The Fall of the Roman Empire: From Rome to Constantinople

TLDR The fall of the Roman Empire was a complex process that involved the deposition of the last Roman Emperor, the rise of military emperors ruling from the frontiers, the legalization of Christianity, the sack of Rome by the Goths, and the reconquest of Italy by Justinian. This marked a significant shift in power from Rome to Constantinople and had lasting implications for the church and medieval Europe.

Timestamped Summary

00:00 The Roman Empire fell in 476 with the deposition of the last Roman Emperor, Romulus Augustulus, but this date is inadequate as it only refers to the fall of the Western Roman Empire, while the Eastern half ruled from Constantinople continued until 1453 when it fell to the Turks.
05:08 Rome ends when the Roman people become slaves and the affairs of the state are subordinated to the rule of one man, rather than to the Senate and the people of Rome.
10:07 The destruction of Carthage and Corinth, along with prophecies of Rome's fall, created a sense of instability and worry about the future of the Roman Empire, but Augustus' rule reassured the people and solidified the belief that Rome was eternal.
14:41 The Roman Empire underwent a radical transformation in the third century due to the vast distances and fracture points within the empire, leading to the rise of military emperors and the need to rule from the frontiers rather than Rome itself, culminating in the foundation of Constantinople as a rival capital in 330.
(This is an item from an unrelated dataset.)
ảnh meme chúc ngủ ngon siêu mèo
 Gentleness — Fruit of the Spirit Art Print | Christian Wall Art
19:37 The legalization of Christianity by Constantine and the subsequent adoption of Christianity as the state religion by Theodosius the Great marked a cultural revolution in the Roman Empire, although most Romans did not see it as a significant fracture point.
24:22 After 395, there is never one man running the empire ever again, marking a big punctuation point in Roman history, although the split between the Western and Eastern halves of the empire had already occurred in the first century BC.
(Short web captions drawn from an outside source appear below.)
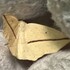 Moths of Elgin County, Ontario icon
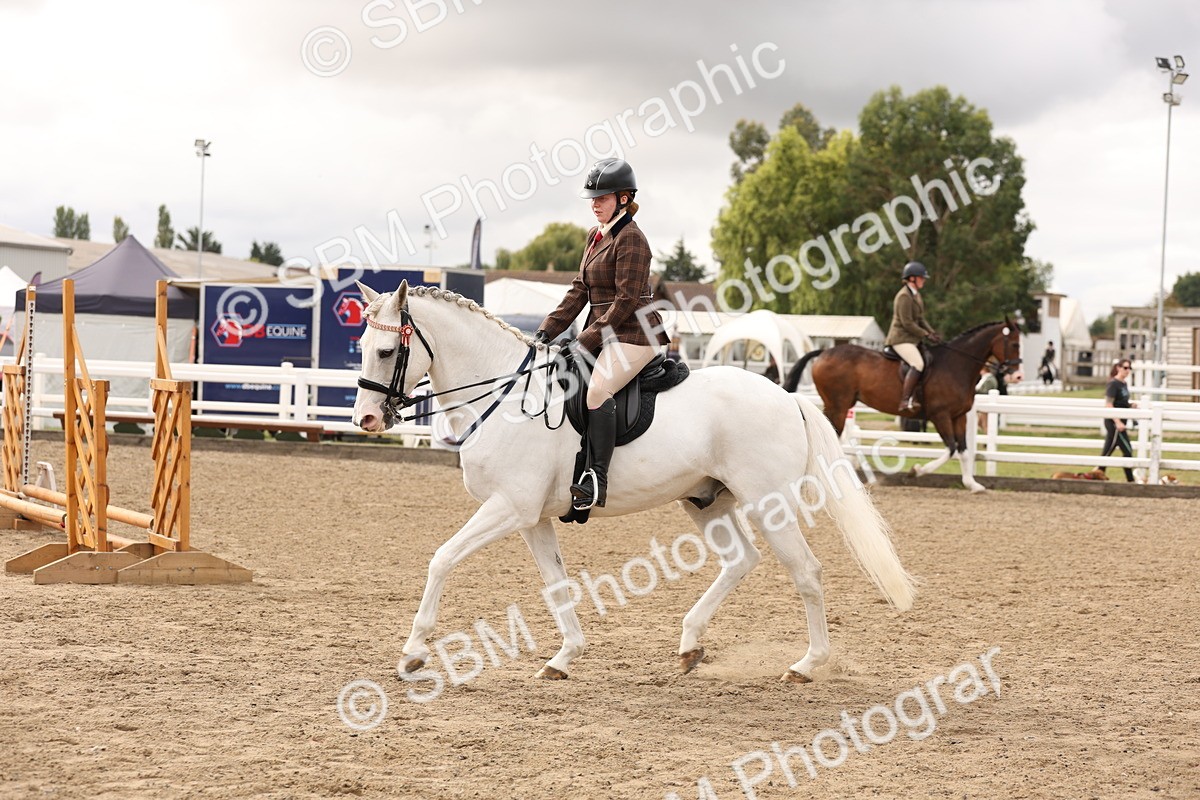 SBM_02825 - Class 53 - Ridden Competition Horse/Pony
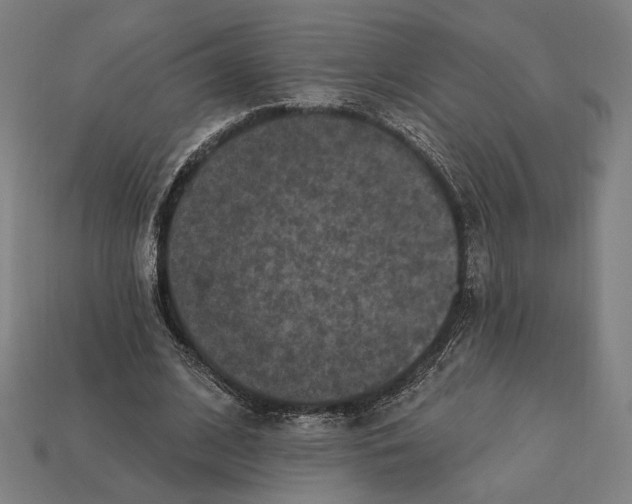 X0000112420584200909111012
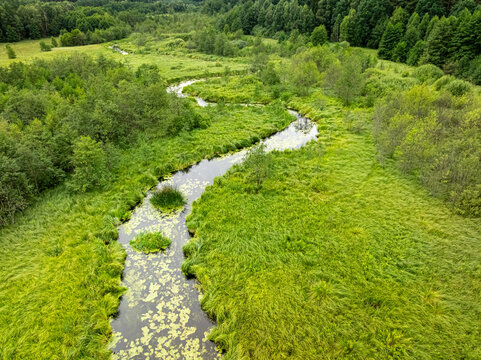 Winding river navigating through green Polish forest in summer, aerial.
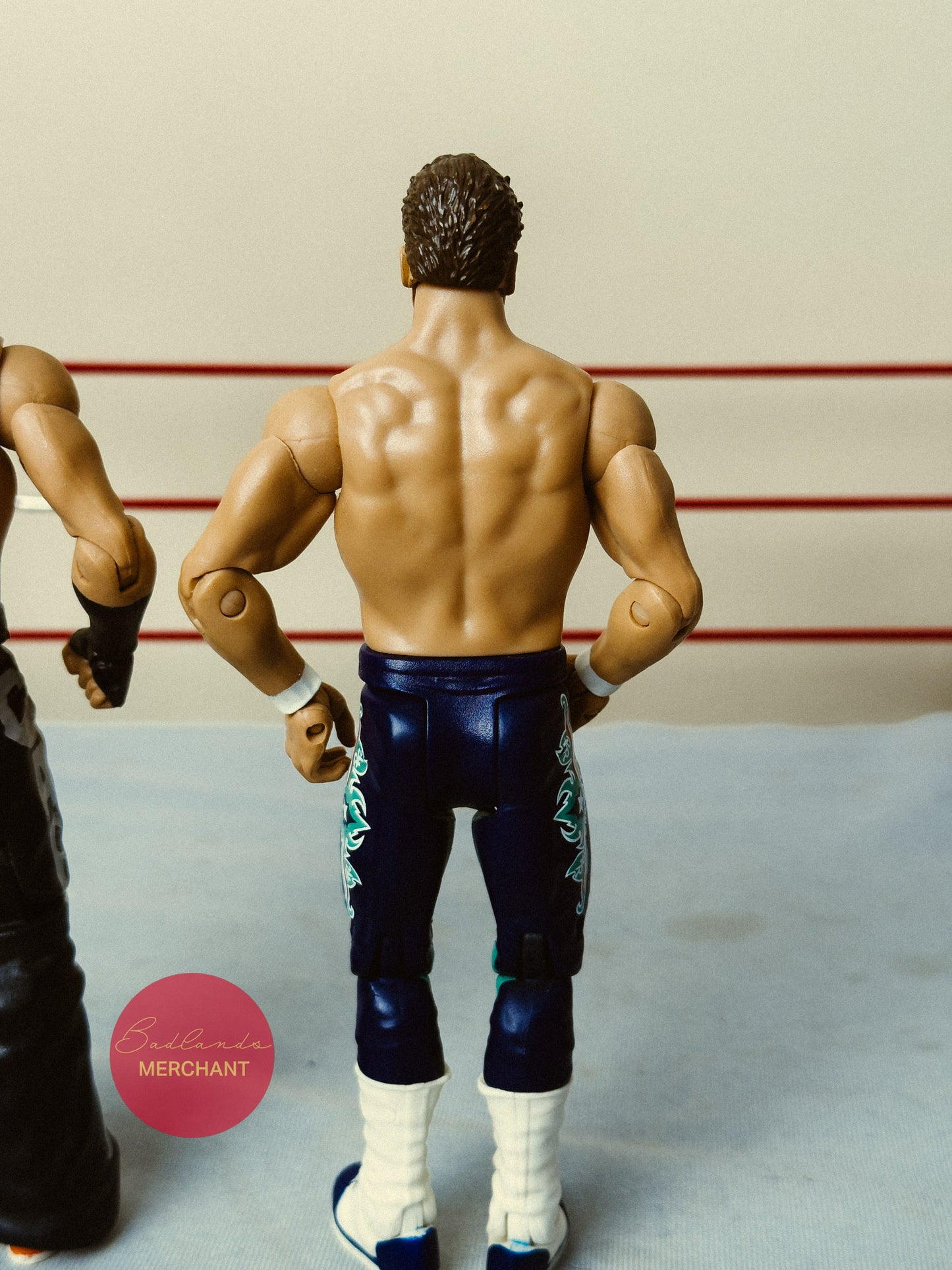 WWE Mattel Carlito Primo Family Fury Series 5 Figures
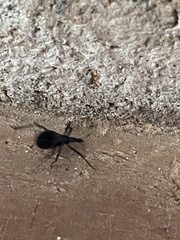 Dipetalogaster maximus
28:47 In 410, Rome is sacked by the Goths under King Alaric, which is a shock to the prosperous and declining Roman Empire, and is seen as an attack on Christianity.
33:47 The fall of Rome has a significant impact on Augustine, who argues that Rome's fall doesn't matter because what matters is the church, setting up a crucial contrast between the church and the empire with implications for medieval Europe and beyond.
38:35 The fall of the Roman Empire in the West is often attributed to the deposition of Romulus Augustulus in 476, but it is actually Julius Nepos who is still on the scene until 480 when he is murdered.
42:51 The fall of the Roman Empire in the West is not immediately recognized by the Romans themselves, as Roman cultural and political practices continue, and the framework of the empire still functions, with the focus shifting from Rome to Ravenna and the emperor now based in Constantinople.
47:32 The Roman Empire in the West really finishes when the city of Rome itself is severely damaged and depopulated as a result of Justinian's reconquest, shattering the economy and landscape of Italy.